Tags: [try_best], [max_min], [win_lose], [game], [gaming], [top_to_bottom_dp], [DP], [memo], [DFS], [backtracking]

Com: {g}

Link: https://leetcode.com/problems/flip-game-ii/#/description

You are playing the following Flip Game with your friend: Given a string that contains only these two characters:+and-, you and your friend take turns to flip two consecutive"++"into"--". The game ends when a person can no longer make a move and therefore the other person will be the winner.

Write a function to determine if the starting player can guarantee a win.

For example, givens = "++++", return true. The starting player can guarantee a win by flipping the middle"++"to become"+--+".

Follow up:
Derive your algorithm's runtime complexity.

Solution: DFS, Backtracking, DP, Memo

class Solution(object):
    def canWin(self, s):
        """
        :type s: str
        :rtype: bool
        """
        if not s or len(s) < 2:
            return False

        chars = list(s)
        memo = {}
        return self.can_win_helper(chars, memo)

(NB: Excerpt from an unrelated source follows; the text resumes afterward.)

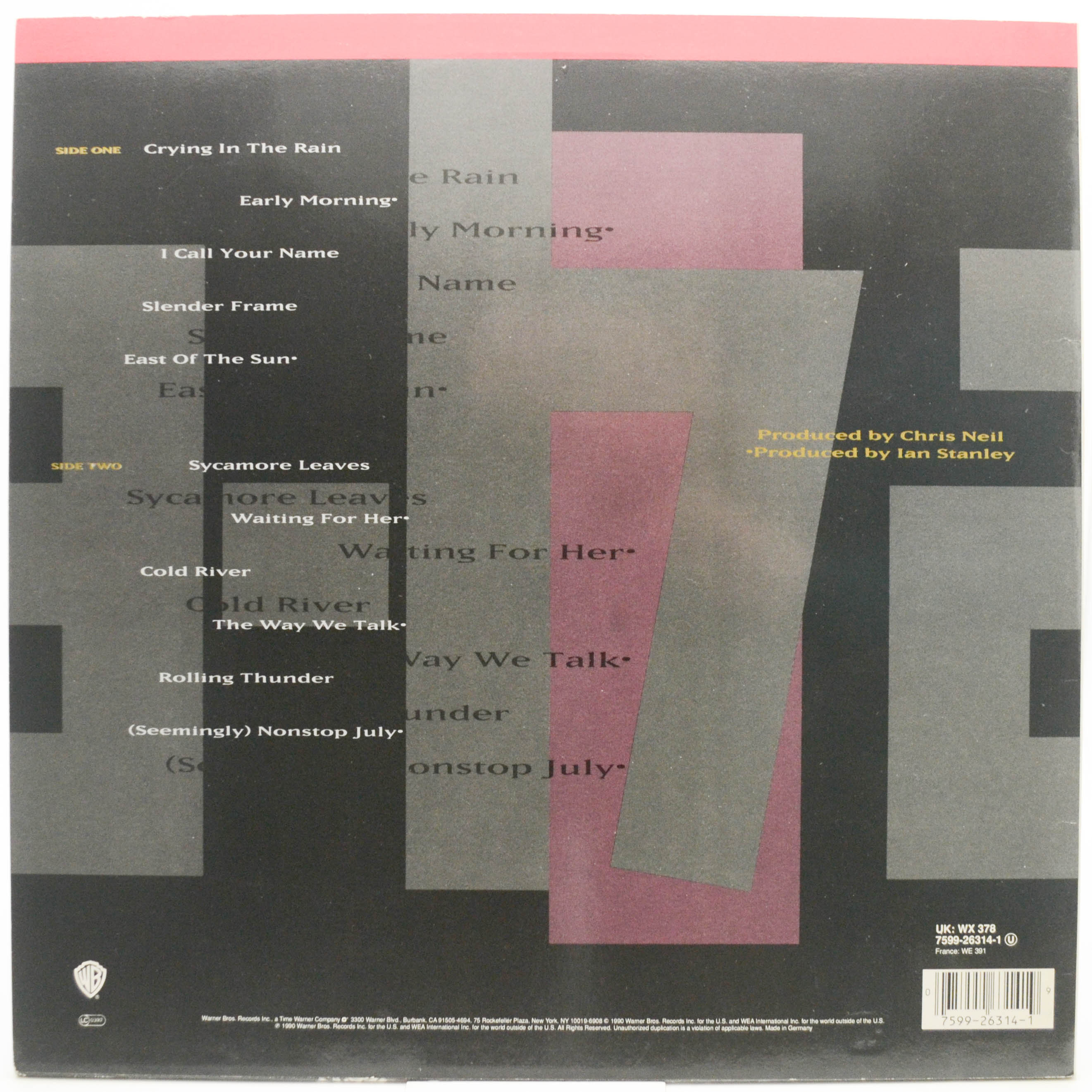 a-ha — East Of The Sun, West Of The Moon, 1990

    def can_win_helper(self, chars, memo):
        state = tuple(chars)
        if state in memo:
            return memo[state]

        for i in xrange(len(chars) - 1):
            if chars[i] == chars[i + 1] == '+':
                chars[i], chars[i + 1] = '-', '-'
                if not self.can_win_helper(chars, memo):
                    chars[i], chars[i + 1] = '+', '+'
                    return True
                chars[i], chars[i + 1] = '+', '+'

        memo[state] = False
        return False

Revelation:

• Define the recursion as that if the current player try his best, return he can win or not. 定义recursion function的meaning是如果当前player does his best，return 他是否能赢，这样定以后，在recursion里我们可以让当前player试遍所有可能的动作，然后call recursion 把改完后的chars交给对手，因为recursion被定义为player做到最好return能否赢，所以一旦找到一种情况可以让对手在已经做到最好的决策的情况下输，那么当前player就可以return True(一定能找到一种方法赢对手).
• The reason we are using memo, because there exists overlapping computing, think about, for example, the current chars = ['+', '+', '+', '+', '-', '-', '-', '-', '+'], there are many ways the two players can make the current chars.

Note:

• Time complexity = O(n!!) this is called 'double factorial' or 'semifactorial' (https://en.wikipedia.org/wiki/Double\_factorial\).
• At very beginning, there are n '+', so there are (n - 1) ways, and once we flip the '++' to '--', there are (n - 2) - 1 ways to flip, so the T = (n - 1) * (n - 3) * (n - 5) ... = O(n!!).